──────── SOURCE MATERIAL

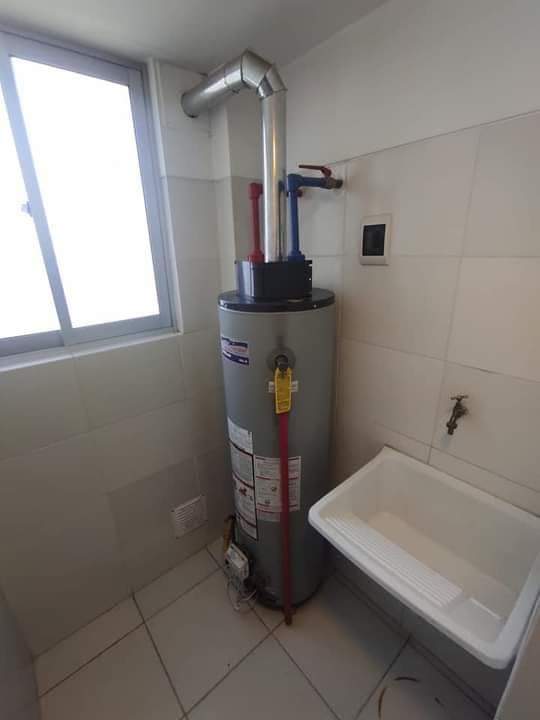 DEOARTAMENTO EN VENTA SAN MIGUEL 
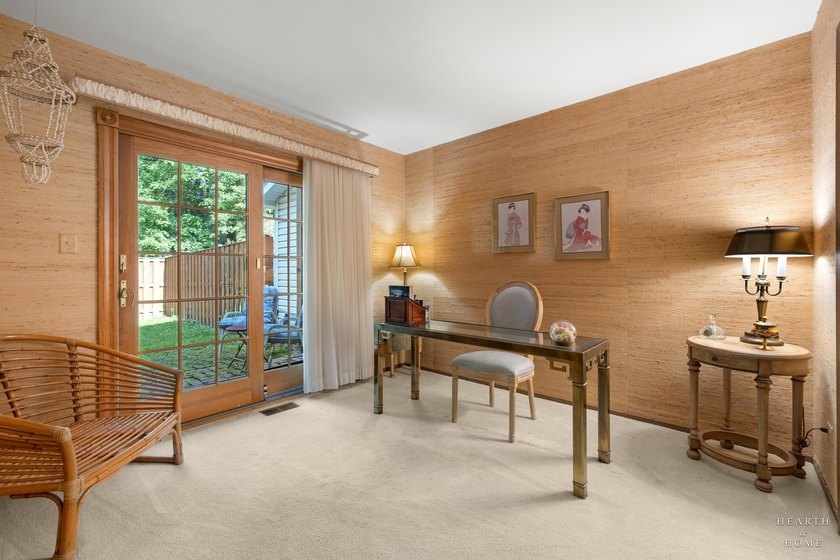 Welcome home to this beautifully maintained property nestled on - photo 19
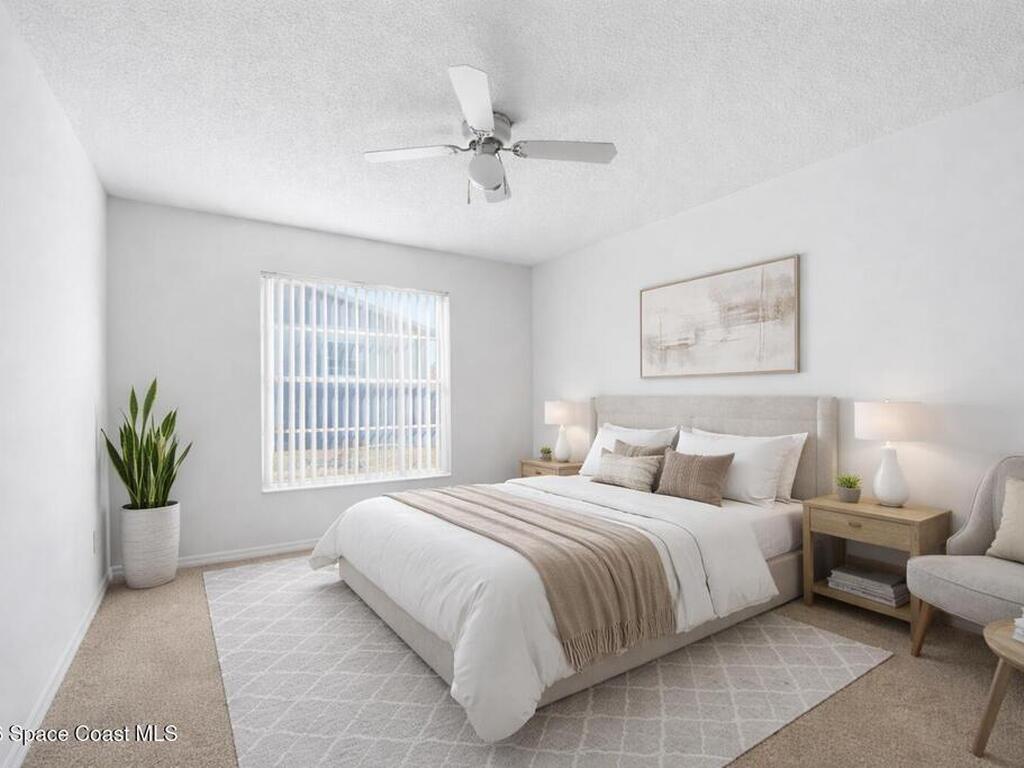 3733 W Powder Horn Road, Titusville, FL 32796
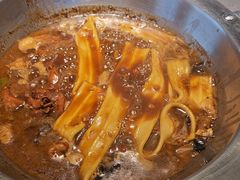 -沧州成老灶火锅鸡(鹿泉总店)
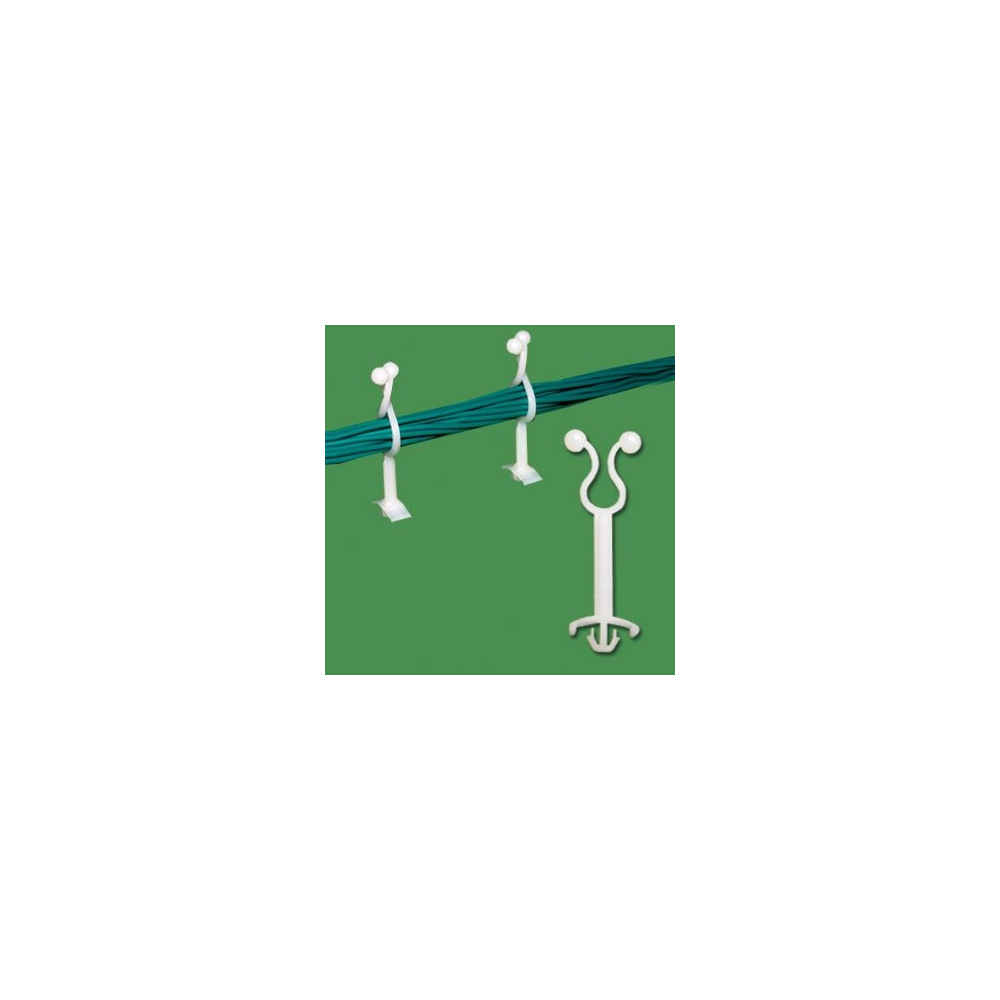 GTD5-36 - Cable clamp | Gecko Fastener GmbH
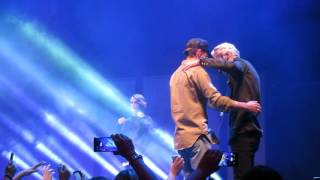 B-Brave - Tot in de nacht #BADtour Uden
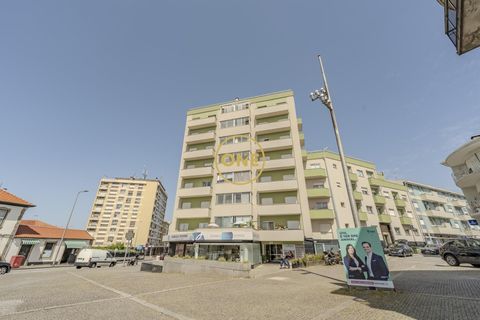 Lejlighed i Trofa, Porto, Trofa - € 270.000 | Ref: ONE81334-49 - foto 1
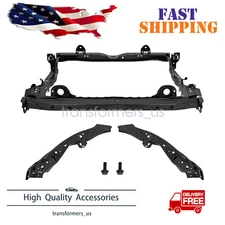 Front Radiator Support Core Assembly For Toyota Corolla Sedan 2014-19 5320102330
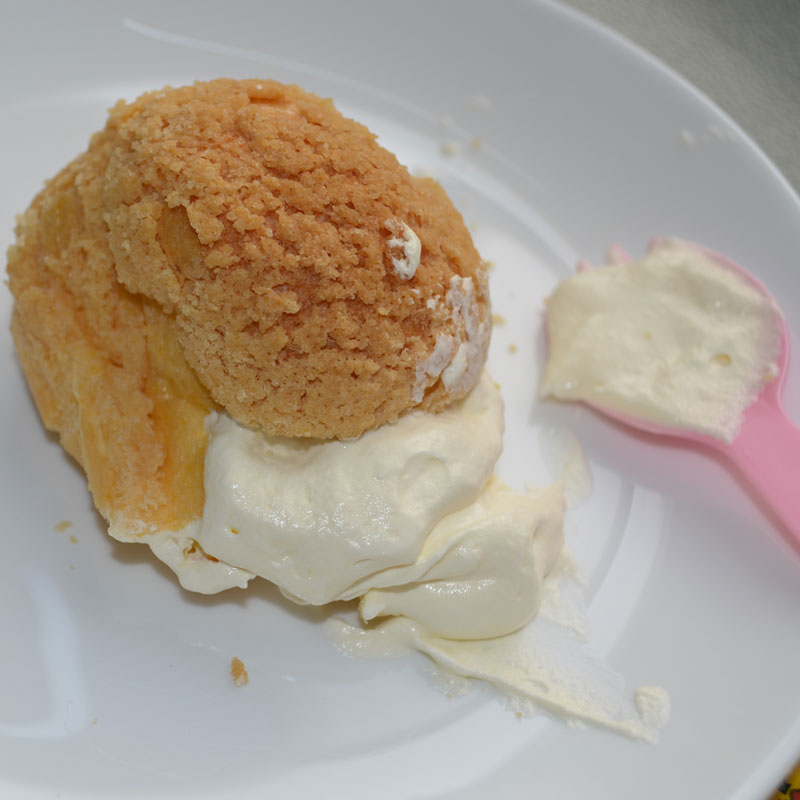 Можете ли користити врхње за кафу без млека за десерте као што су пудинги и креме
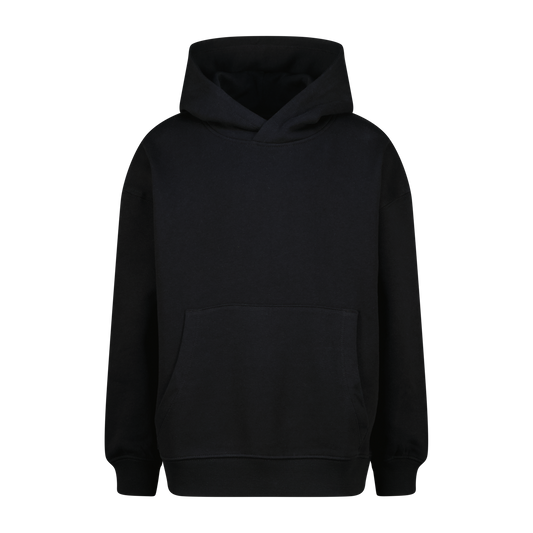 Raizzed hoody jongens Hink Deep Black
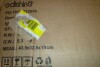 Bay Isle Home&trade; Crevan 65" Dimmable Rattan Tree Floor Lamp With 3 Bulbs Included New In Box $299 - 2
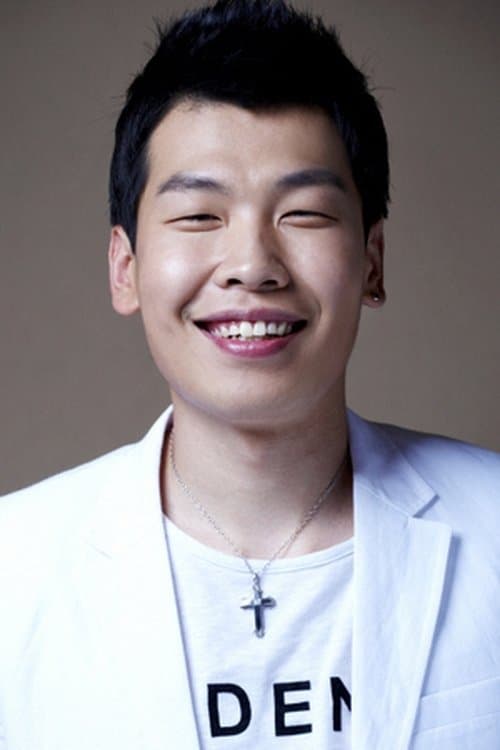 Baek Bong-ki photo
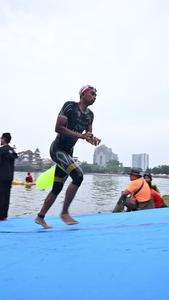 Kenanga Man of Steel Triathlon 123 2026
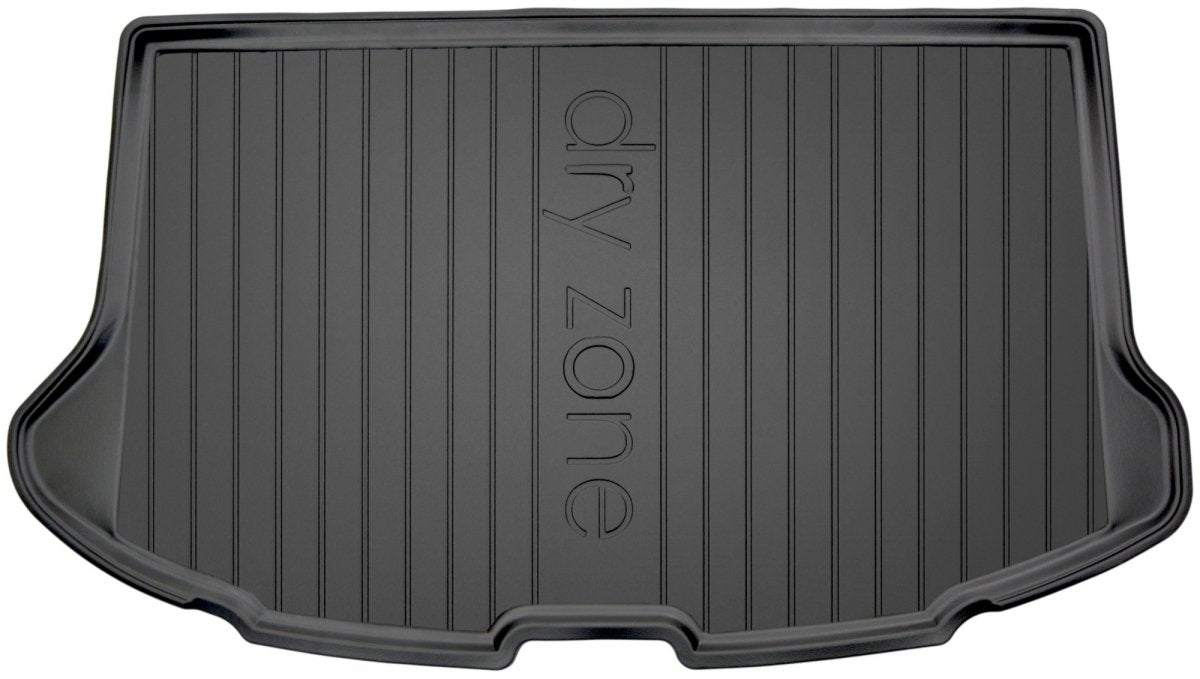 Frogum bagasjeromsmatte til Hyundai ix20 minivan – TPE gummi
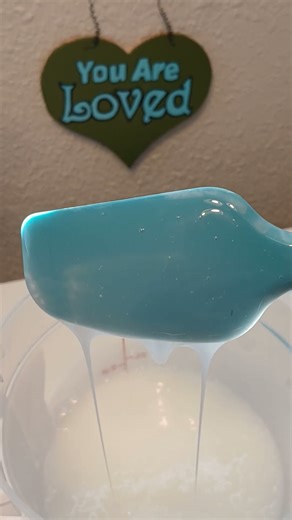 DIY Shampoo Teaser #diyshampoo #makeyourown #diy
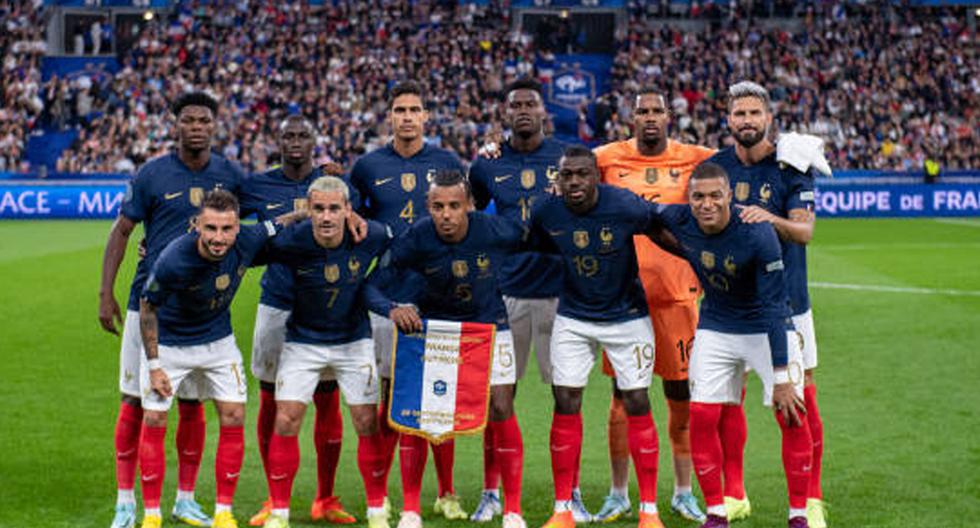 Se pierde el Mundial: titular indiscutible en su equipo y alternativa en Francia le dice adiós a Qatar 2022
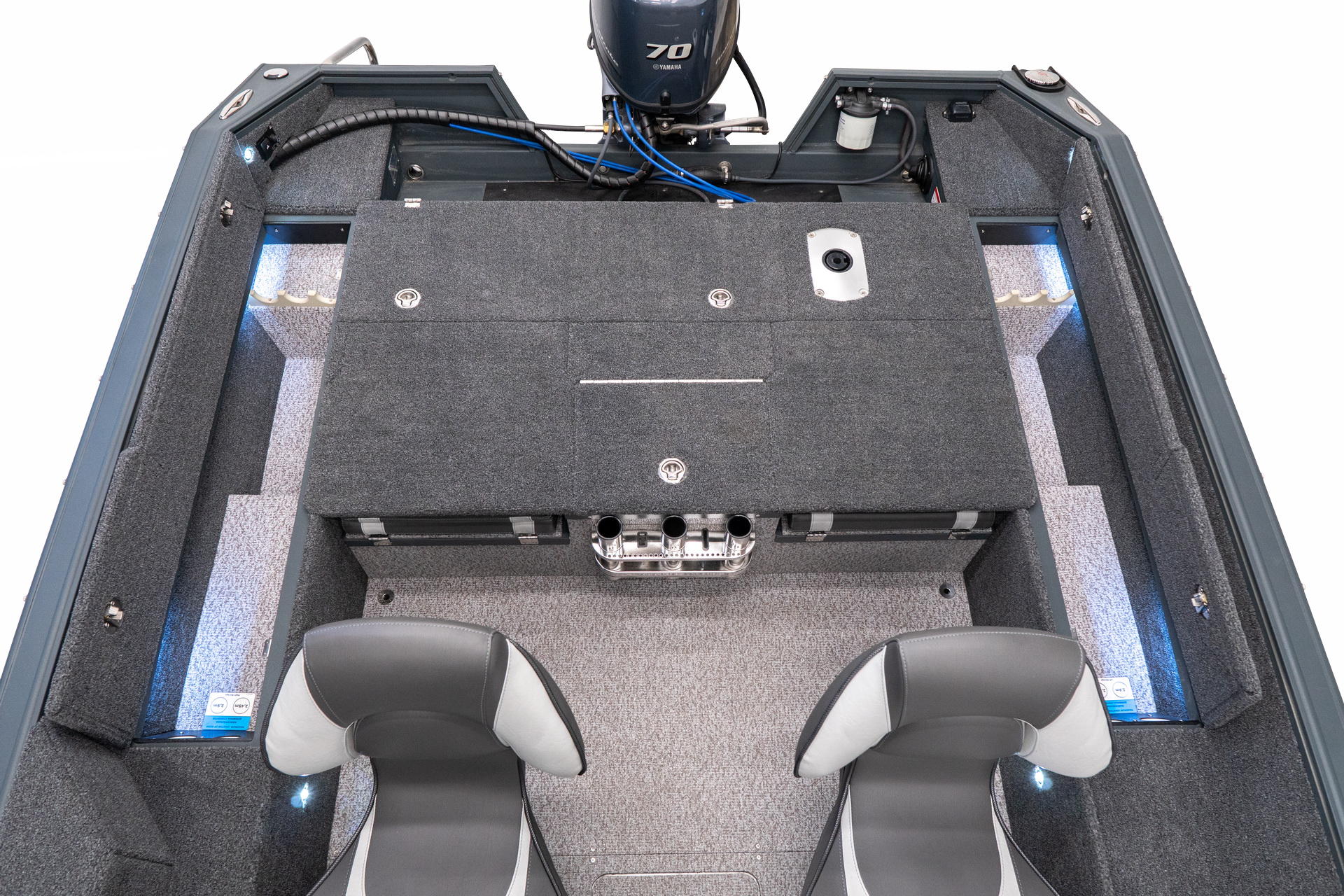 475 Evo SC - Photo 19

────────────────

## TASK INSTRUCTIONS
The lines to reproduce run from the line containing "Lejlighed i Trofa, Porto, Trofa" through the last line of the records above, both included. Copy them exactly and drop the pictures.

## ANSWER BOX
 Lejlighed i Trofa, Porto, Trofa - € 270.000 | Ref: ONE81334-49 - foto 1
 Front Radiator Support Core Assembly For Toyota Corolla Sedan 2014-19 5320102330
 Можете ли користити врхње за кафу без млека за десерте као што су пудинги и креме
 Raizzed hoody jongens Hink Deep Black
 Bay Isle Home&trade; Crevan 65" Dimmable Rattan Tree Floor Lamp With 3 Bulbs Included New In Box $299 - 2
 Baek Bong-ki photo
 Kenanga Man of Steel Triathlon 123 2026
 Frogum bagasjeromsmatte til Hyundai ix20 minivan – TPE gummi
 DIY Shampoo Teaser #diyshampoo #makeyourown #diy
 Se pierde el Mundial: titular indiscutible en su equipo y alternativa en Francia le dice adiós a Qatar 2022
 475 Evo SC - Photo 19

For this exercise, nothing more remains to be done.